The music video for sexy single “You Know” on Jay Park’s 2015 rap album WorldWide, integrates a combination of provocative lyrics, sexy choreography, and foreign locations to tell a “bad boy” narrative. This analysis will discuss how Jay Park attempts to build authenticity through emphasis on male gaze, sexual objectification, and criminality to capitalize on the “bad boy” image associated with hip hop culture.
The lyrics of “You Know” tells a narrative of a man who calls a girl late at night because he desires sex, making it clear that the relationship is no strings attached, asserting the dominant male/submissive female concept of the MV. Through the abundance of half naked women surrounding the rappers in the MV, we can see the voyeuristic treatment of women bodies, common in Western hip-hop music videos.

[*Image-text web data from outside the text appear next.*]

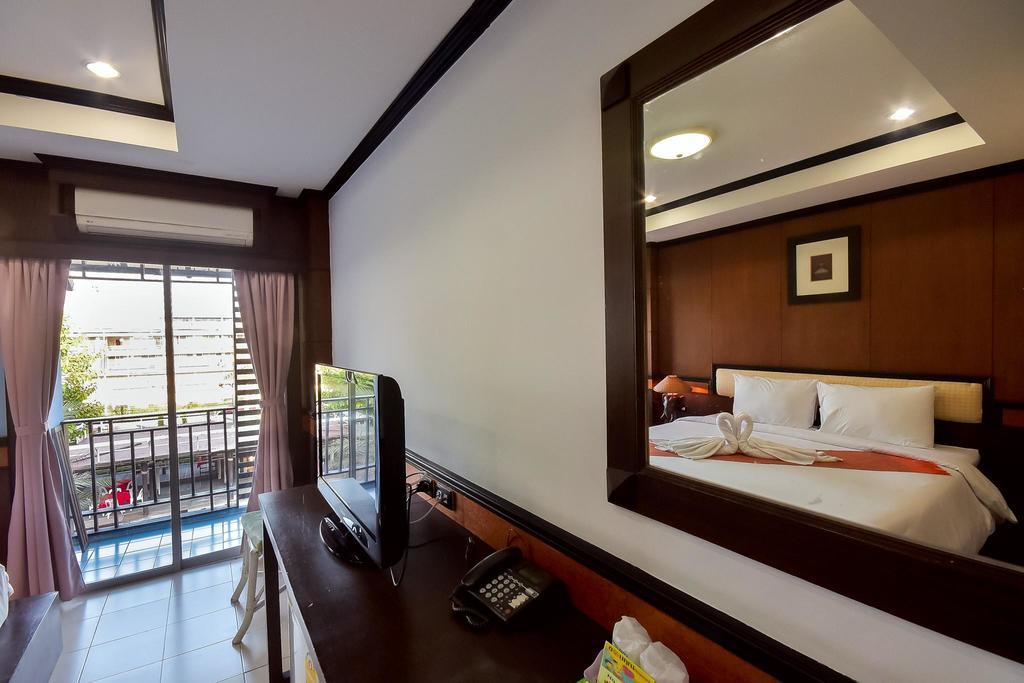 Season Palace Huahin Hotel Ча-Ам Экстерьер фото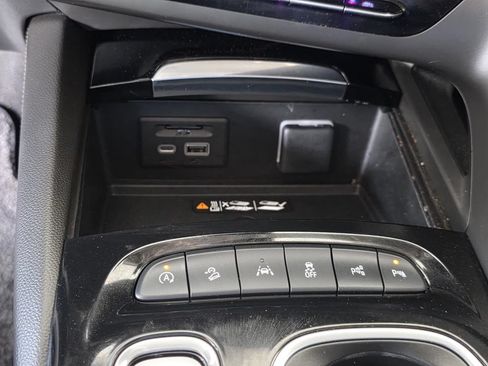 Used 2023 Buick Envision Avenir AWD/4WD image 35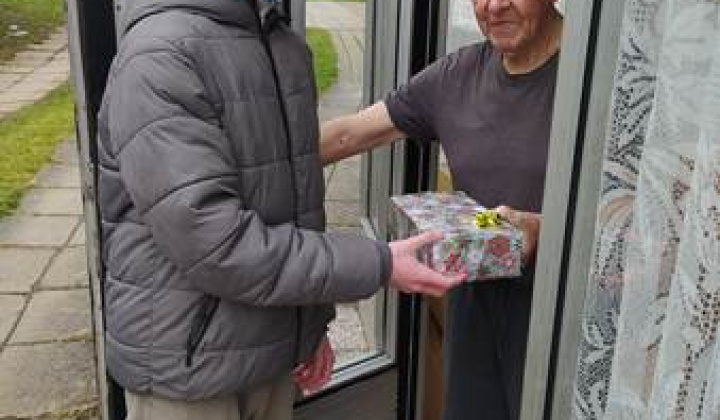 8. fotografia fotogalérie „Koľko lásky sa zmestí do krabice od topánok“ - foto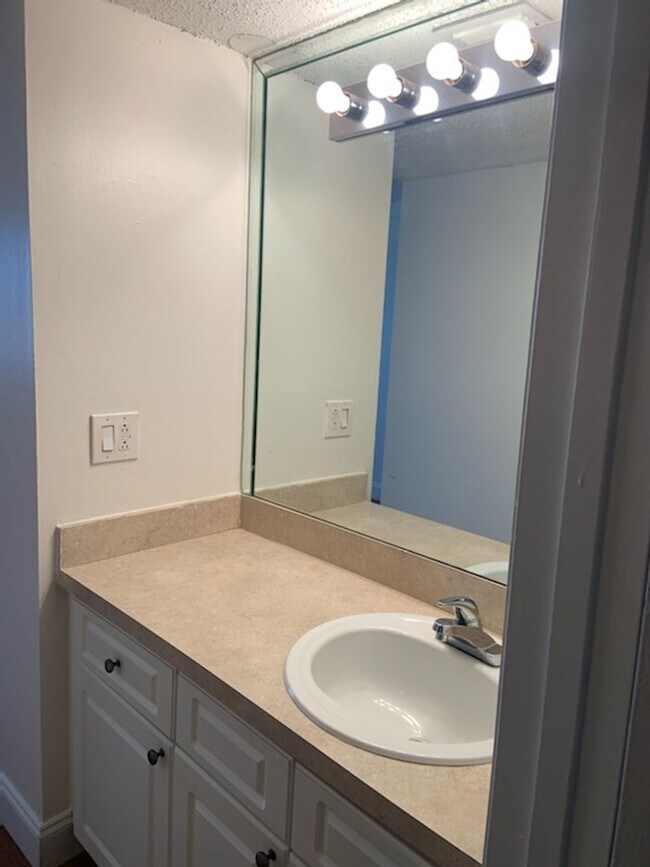 Building Photo - Stylish 1-Bedroom Studio in Carrington Park!
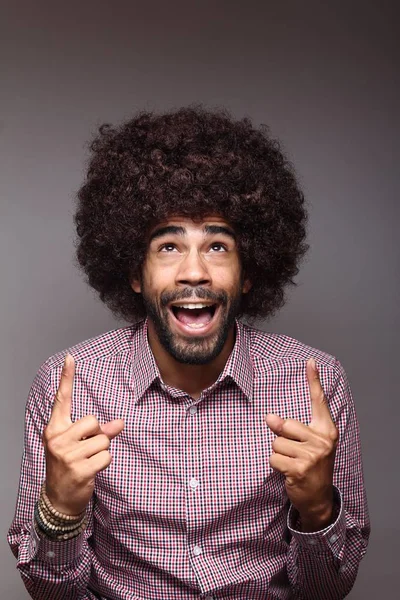 Kiabált Fekete Ember Nagy Hajjal — Stock Fotó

As stated by Cedarbough, the movements of the women “serve the overwhelming focus of promoting the artist (Cedarbough 2016: 258). Therefore, the women are given the same hair style and clothing, stripping them of individuality, focusing on their bodies role of making Jay Park look more “bad-ass”, enhancing the authenticity of the MV.
The reoccurring bad boy aesthetic flowing throughout the video, is also authenticated through sexual objectification of the women in the MV, including objectifying K-pop idol Hyuna. The limited screen time on Hyuna throughout the video is essentially used as a prop. Despite being talented and one of the major “sexy” icons in Korean pop culture, we can see how the MV uses Lin and Rudolf’s concept of “dollification”, defined as “a way the fantasy narrative of women being objectified into petty, sexy-yet-submissive, nonthreatening dolls in K-pop” (Lin and Rudolf 2017: 31), on Hyuna to build on the bad boy dynamic of the MV. The way Hyuna is sitting on the edge of the bed, innocently curled up in a shielding state, while Jay Park sits confidently on the opposite end of the bed, places her in the compliant role. However, as mentioned by Epstein and Joo “exposed legs operate as consumer fetish, encouraging desires to both gaze at and posses the “perfect” body (Epstein and Joo 2012: 8), so not is Hyuna used to portray the female in the lyrical narrative; an object of a sexual fantasy for the male to claim, but also as the ideal woman that men desire.
Since style is an integral factor in contemporary hip-hop culture, Hare and Baker argued that style is used to impose hierarchies by “using commodities to claim the cultural terrain” (Hare and Baker 2017: 2). “You Know” MV incorporates “commodities” such as an entourage of women, well-known underground rappers, gang-affiliated activity, money and expensive jewellery as an important marker of hip hop authenticity” (Ibid: 5). Yet, an interesting point in this video is the use of a foreign space rather than a Korean backdrop. Throughout the video we can see influence more commonly linked with western hip hop culture mentioned earlier. However, in many scenes we see Chinese imagery such the cheongsam (high-neck red dresses), the lanterns, fans, paintings decorated in the room they occupy in many scenes as well as the game of mah-jong the rappers are playing are all cultural aspects that aren’t Korean. Why use other Asian influences in addition to hip hop cultural elements on the MV?
Since cultural hybridization between Western universalism and Asian exoticism is pivotal in attracting transnational audiences, the incorporation of foreign elements decreases “cultural odor” therefore, increasing interest of Korean viewers by presenting them with visuals that are not simply Korean or a copy of Western products. However, the use of a foreign space can be used to not only gather interest among domestic viewers and increase authenticity of the male hip hop bricolage, by stylistic features the “thug life” (i.e gambling, promiscuity, drug deals, etc..), but it can possibly be a way to separate the delinquency of Western hip-hop culture from Korean hip-hop culture.
Cedarbough, Saeji T. “Cosmopolitan Strivings and Racialisation: The Foreign Dancing Body in Korean Popular Music Video.” In Korean Screen Cultures: Interrogating Cinema, TV, Music and Online Games, edited by Andrew David Jackson and Colette Balmain. 257-92. Oxford: Peter Lang Publishers. 2016.
Epstein, Stephen J., and Rachael M. Joo. “Multiple Exposures: Korean Bodies and the Transnational Imagination.” The Asia Pacific Journal 10, no.1 (2012): 1–24.
Hare, Sarah, and Andrea Baker. “Keepin’ It Real: Authenticity, Commercialization, and the Media in Korean Hip Hop.” SAGE Open 7, no.2 (2017): 1-12.
Lin, Xi, and Robert Rudolf “Does K-pop Reinforce Gender Inequalities? Empirical Evidence from a New Data Set.” Asian Women 33, no.4 (2017): 27-54.